Saturday, 25 August 2012

How to solve linear inequalities

In the previous post we have discussed about Absolute Value Inequalities and In today's session we are going to discuss about How to solve linear inequalities. If graph of an equation is a straight line then equation is called as linear equation. For example: q = mp + c; here ‘m’ shows the slope of line and ‘c’ shows Y- intercept where line crosses q – axis (here ‘p’ is along to the horizontal axis and ‘q’ is along to vertical axis. If (<, >) these symbols are there in a linear expression then it comprise inequality in it. Now we will understand the concept of linear inequalities. It is fully depends on symbol that present in inequality. If less than sign present in linear expression then we found inequality under the line. If grater than sign is present in linear expression then we found inequalities top the line.
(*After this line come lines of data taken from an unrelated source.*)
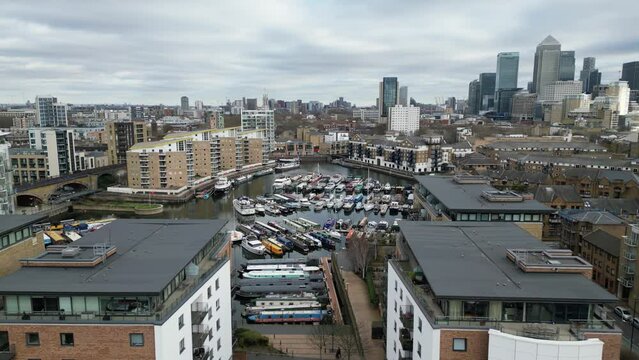 Apartments in London UK Limehouse basin drone aerial view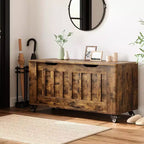Panca contenitore, cassapanca in legno con 4 ruote, cassapanca da 100 cm con 2 cerniere di sicurezza, capacità di carico di 160 kg, angoli arrotondati, intaglio a U, per ingresso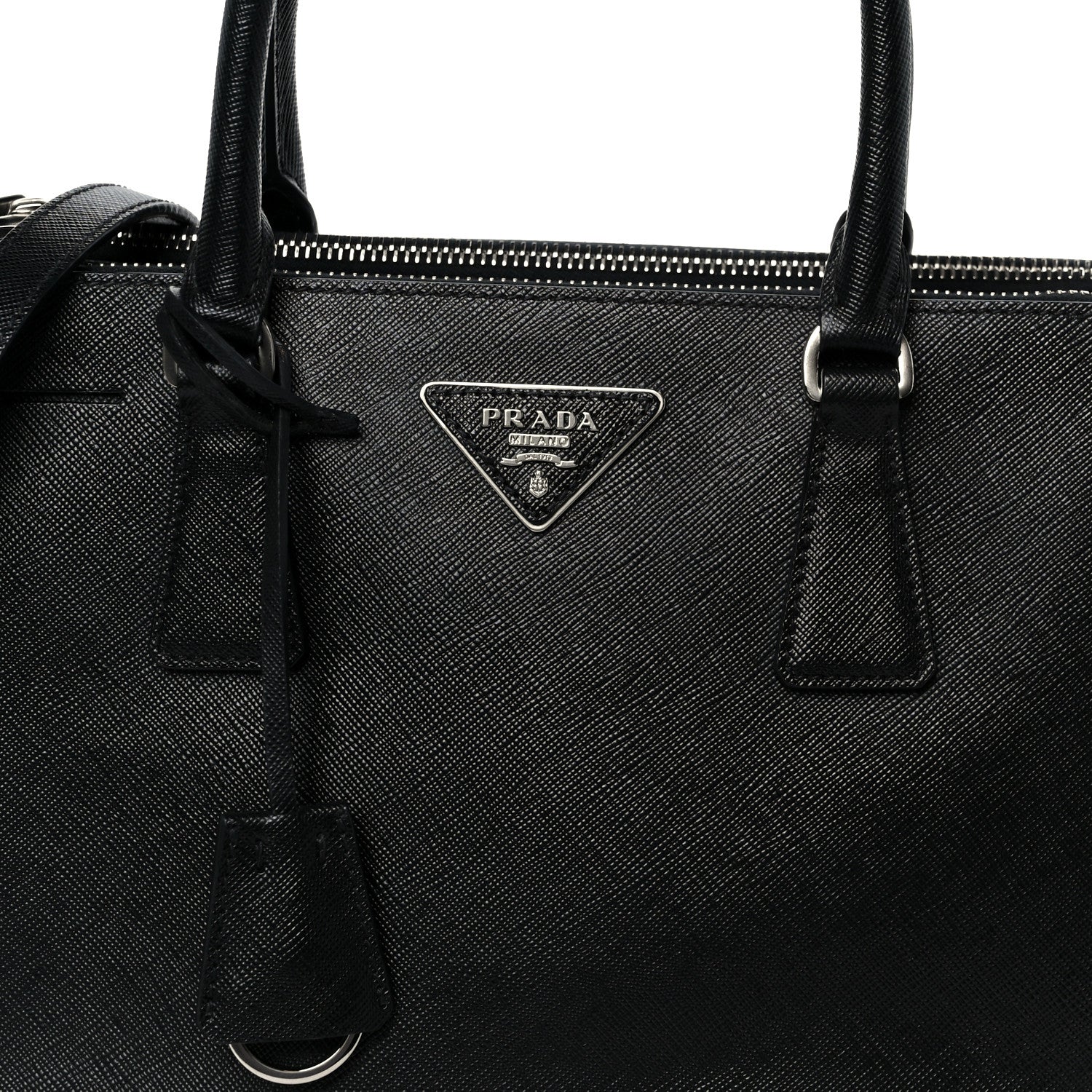 Prada Saffiano Small Galleria Double Zip Tote Black Talco 9 of 11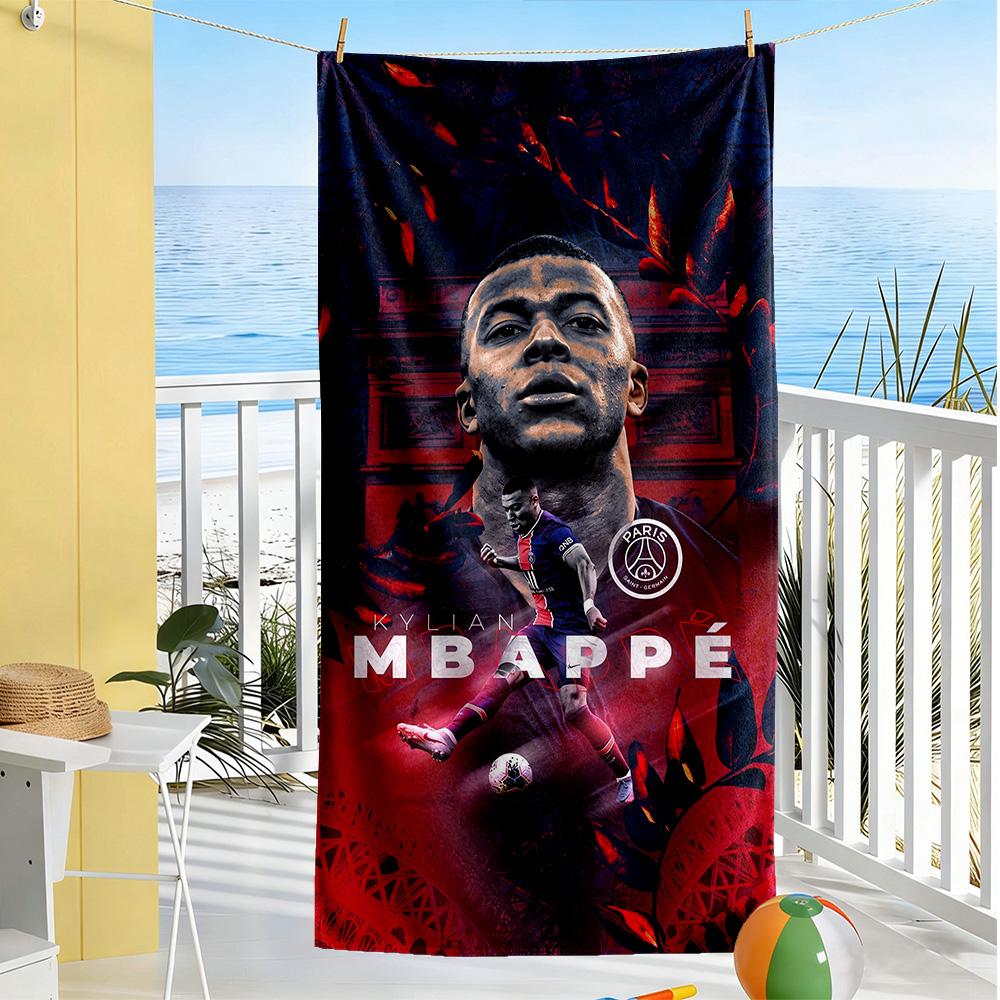 Mbappe Beach Towel High Absorbency & Quick-Dry Comfortable Lightweight Suitable for Sports, Travel, Swimming, Yoga, Bathroom, Beach, And Pool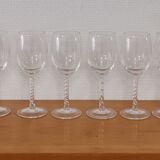 Series of twisted stemmed glasses in Arques crystal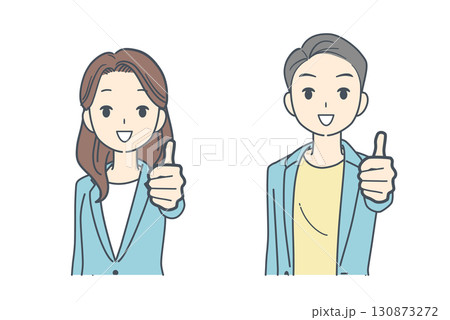 親指を立てるジャケットを着た男性と女性のイラスト 130873272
Let’s understand the concept of solving systems of linear inequalities. Let's we have a linear inequality 4a + b < 15, then we can calculate this linear inequality as mention below:
In the above given linear inequality is there so after calculating, coordinates we found is under the line. Here set different values for one variable to get other coordinates. So it can be written as:
=> 4a + b < 15, to find coordinates of linear inequalities replace inequality symbol by equal sign.
=> b = 15 – 4a.
On putting value of a = 1 we get:
=> b = 15 – 4 (1),
=> b = 11.
On putting value of a = 3 we get:
=> b = 15 – 4 (3), on further solving we get:
=> b = 15 – 12,
=> b = 3.
In this way we can find different values. So here we get (1, 11), (3, 3). If we plot the graph we get inequalities below the line.
Quantitative Analysis can be defined as the determination of the absolute or relative value of one or several or all particular item present in a sample. icse syllabus 2013 is useful for icse students.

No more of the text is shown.